Snails growing apace
Published on: 4/3/07.
by TREVOR YEARWOOD
AFTER THIS YEAR'S DRY SPELL, wet weather may also be bad news for farmers.
A prolonged spell of rain could mean serious trouble for agriculture from the Giant African Snail, according to chief executive officer of the Barbados Agricultural Society (BAS), James Paul.
He issued this warning yesterday while commenting on a report from head of a snail hunt-and-destroy group, David Walrond, that more snails were surfacing in St George now in the face of rainy conditions.
Paul told the DAILY NATION: "I am worried because the snails are prolific breeders and very voracious feeders."
The snails would have been lying low because of the warm weather of the past three months, he added, "but if we face a prolonged wet spell, they will become pretty difficult for everyone, including the farming community, to deal with".
He admitted that the BAS had not received reports of crops being under threat from the snails during the "dry spell", but warned that this situation could change if snails faced ideal living conditions provided by a long period of wet weather.
He said that the BAS board would be meeting soon, and high on its agenda would be how to tackle the snail problem. This includes the possibility of greater co-operation with the Ministry of Agriculture and Rural Development on the distribution
of bait.
Heavy damage
Considering that each year snails were being sighted in new areas of the country and also the heavy damage the pests could cause, "we have to start to get worried", Paul asserted.
And, he pointed out that "all Barbadians" have to co-operate to solve the problem by reporting sightings of snails to the authorities early, moving swiftly to acquire bait, and applying it frequently.
Walrond, chairman of the St George North District Emergency Organisation (DEO), yesterday said that after a lull, people
in several areas of St George had been reporting sightings."I even saw them in an area we baited a number of times before Old Post Office. The rains have come and the snails are beginning to come out of hiding."
With the DEO now busy preparing for the hurricane season starting June 1, inspecting shelters, drains and potentially dangerous trees, it would need significant assistance to continue with the snail destruction programme, he pointed out.

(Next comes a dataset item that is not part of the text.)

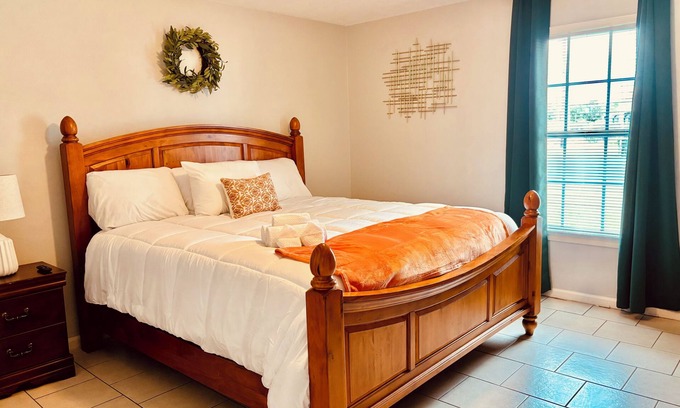 Lake Charles House | 3-bedroom townhome near Cowboy stadium and casinos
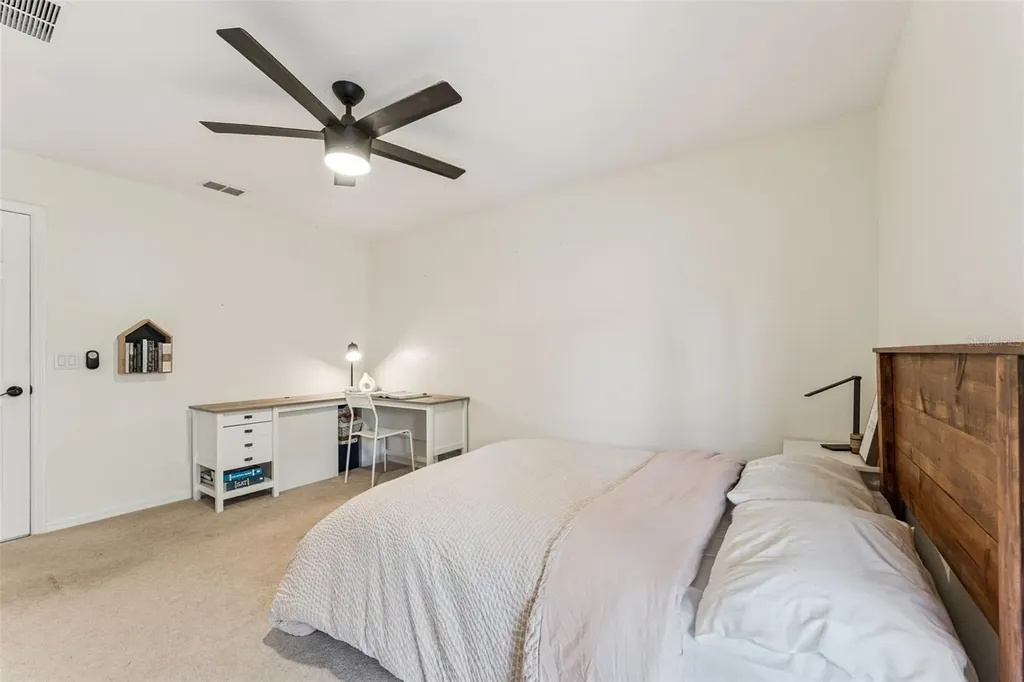 10033 Wittenberg Way Orlando FL 32832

Meantime, a Mangrove, St Philip resident, Basil Young, has been reporting a heavy snail infestation in his area.
The snails have inhabited a quarter-acre bushy stretch of long-unoccupied land adjoining his property and Young has been laying pellets along the perimeter to keep them at bay.
"I killed over 50last weekend. I put down pellets all along the border and they did the job," he said.
"Sunday morning I found they were all dead up against the fencing. Some were small but others were big."
Young made an appeal to the Ministry of Health to debush the spot and a nearby lot which he described as "the main breeding ground".